As historian Roy Foster noted, Dublin in the Edwardian era was an extraordinarily exciting place to live in. A variety of political, social and cultural movements were sweeping both the city and the wider Irish nation. Supporters of causes as diverse as socialism, feminism, republicanism, cultural revival, esoteric religion and vegetarianism all mixed and met in this time.

It was in this period that many of the networks that would be vital in the forthcoming Irish Revolution were formed. Markievicz herself struggled for female suffrage and Dublin’s trade unionists, culminating in her role in the bitter Dublin Lock-out of 1913, which saw 20,000 workers without work. Along with Delia Larkin, the founding secretary of Irish Women Workers’ Union, Markievicz set up soup kitchens to help struggling families.

With the advent of war, Markievicz took up a post in the Irish Citizen Army, (an Irish socialist militia that unusually welcomed both men and women into its ranks) and prepared to take part in the Easter Rising in 1916. The rising proclaimed an Irish republic and saw fighting on the streets of Dublin for about a week, before being suppressed brutally by British forces. During the Easter Rising, it is believed that she shot a policeman dead and wounded a British Army officer.

The events of Easter week were a tremendous short-term failure for Ireland’s rebels. Markievicz was sentenced to death. However, on account of her gender, her sentence was commuted to life in prison. She was subsequently released in June 1917 as part of an amnesty.

After fighting for suffrage, in February 1918 she celebrated women winning the vote and put herself forward as a Sinn Féin candidate at the forthcoming general election. However, she was detained again as fears of a second Easter Rising grew. She subsequently ran her election campaign from HM Prison Holloway in London.

In spite of her incarceration, in December 1918 she was elected as a Sinn Féin MP and was the first woman in Britain and Ireland to do so. She received her letter inviting her to parliament from Downing Street when she was still in prison but refused to take her seat along with 72 other Sinn Féin MPs – a practice that continues today.

Second female minister

Another historic distinction belongs to Markievicz: in 1919 she became the Government of Dáil Éireann’s minister for labour. This makes her the second female government minister in history (the first was Alexandra Kollontai, who was appointed a Commissar in the Russian Bolshevik government only two years previously). Her time as a government minister, however, did not last long.

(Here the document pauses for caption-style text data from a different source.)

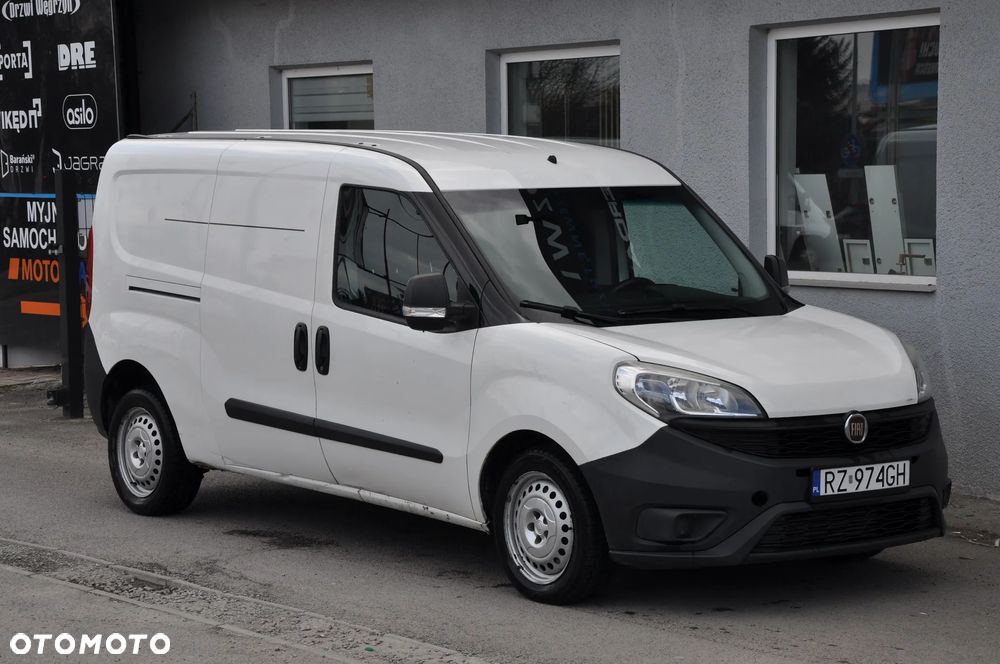 Fiat Doblo 1.6 Multijet 16V Dynamic - 17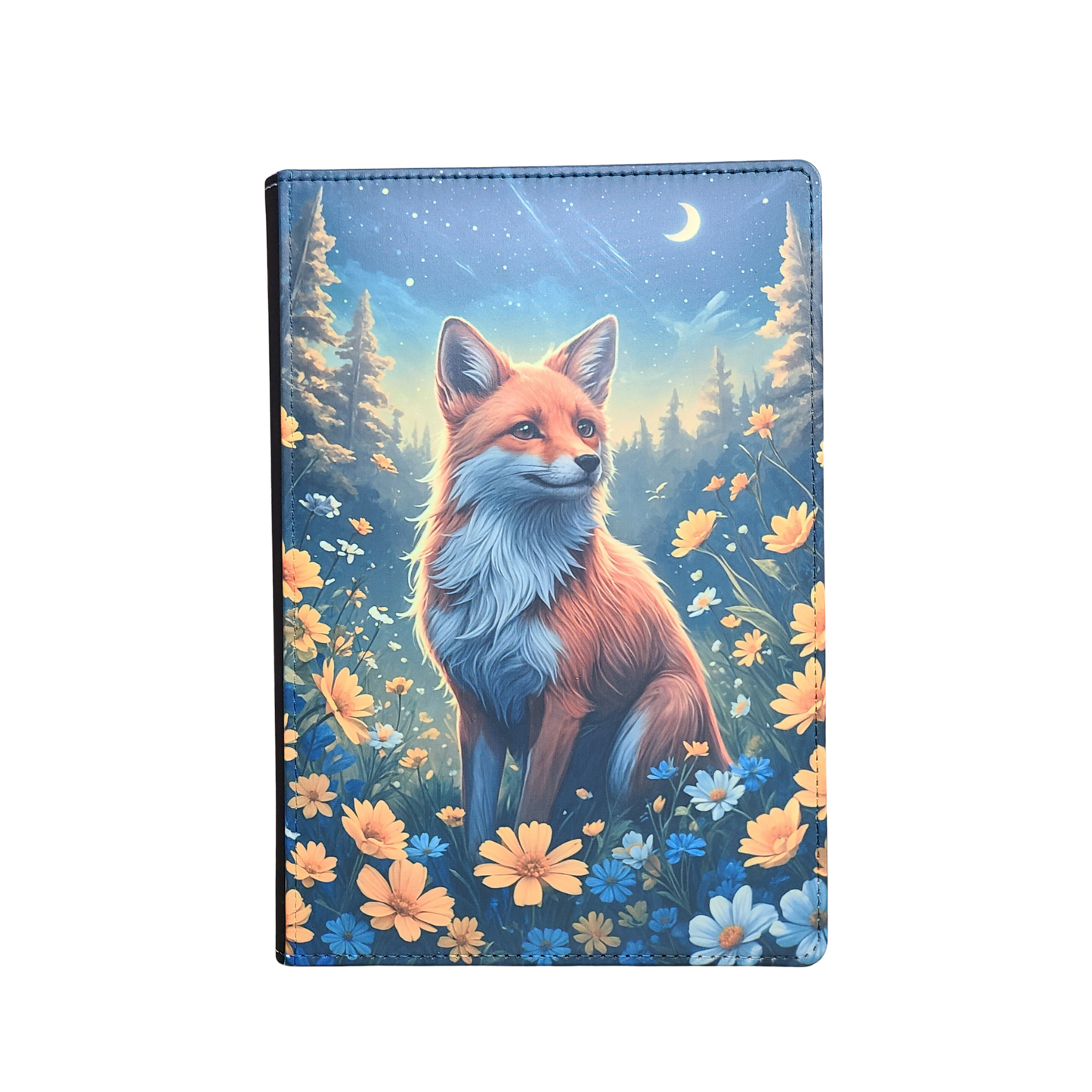 Fox Wildflower Journal
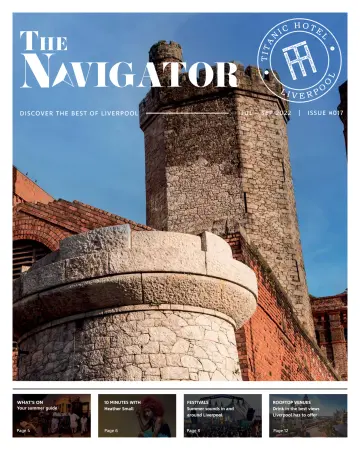The Navigator - 05 août 2022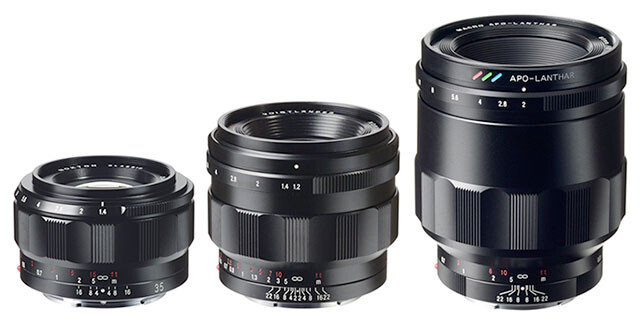 Cosina Releases the Voigtlander Nokton 40mm f/1.2 for Full-Frame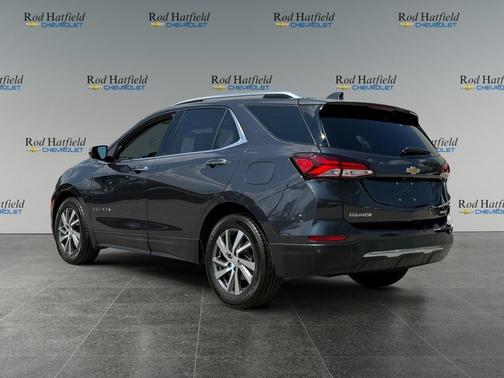 2022 Chevrolet Equinox Premier w/1LZ
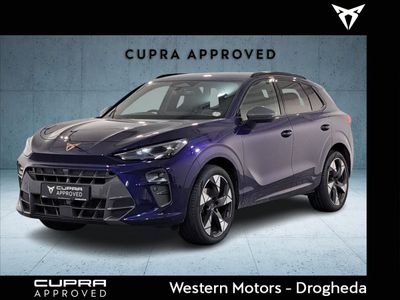 2025 Cupra Terramar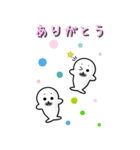 あざらし好きへ送るBIGスタンプ（個別スタンプ：1）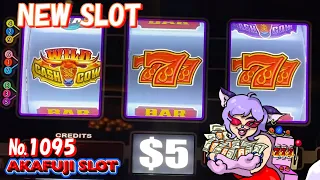 New High Limit Slot🎰 REEL STAMPEDE SLOT $45 a Spin @Pechanga Casino 赤富士スロット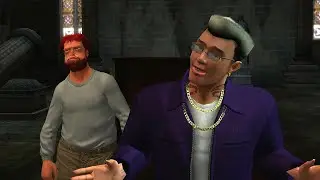 Saints row 1 tomfoolery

Countess Markiewicz. Getty / Hulton, CC BY-SA

Under the terms of the 1921 Anglo-Irish Treaty, Ireland would technically leave the United Kingdom but remain in the Empire, existing as the “Irish Free State” with the British monarch remaining head of state. Markievicz opposed this settlement as both a republican and committed anti-imperialist.

In the debates on the treaty in the Dáil, she expressed exasperation that one-time Irish republicans were entering willingly into a relationship that was similar to that repressing both India and Egypt. During the Irish Civil War between 1922 and 1923, fought between supporters and opponents of the treaty, Markievicz was a committed anti-treatyite. At the time, she published a series of extremely witty and acerbic cartoons of pro-treaty politicians entitled Free State freaks.

While she found herself on the losing side in the conflict, her political career continued right until she died. She devoted much of her final years to helping the poor of Dublin. In 1926, alongside her political ally, Éamon de Valera, she left Sinn Féin to found a new political party, Fianna Fáil. This party would go on to be one of the most successful political parties in the 20th century, coming first in every Irish election between 1932 and 2011.

Markievicz died in 1927, surrounded by her political allies and family. In Ireland, she is rightly remembered as one of the principal players of the Irish Revolution and one of the founders of the Irish state. She is much less well-known in Great Britain. In 2018, however, the Irish government donated a portrait of her to the House of Commons, in recognition of her status as the true first female MP.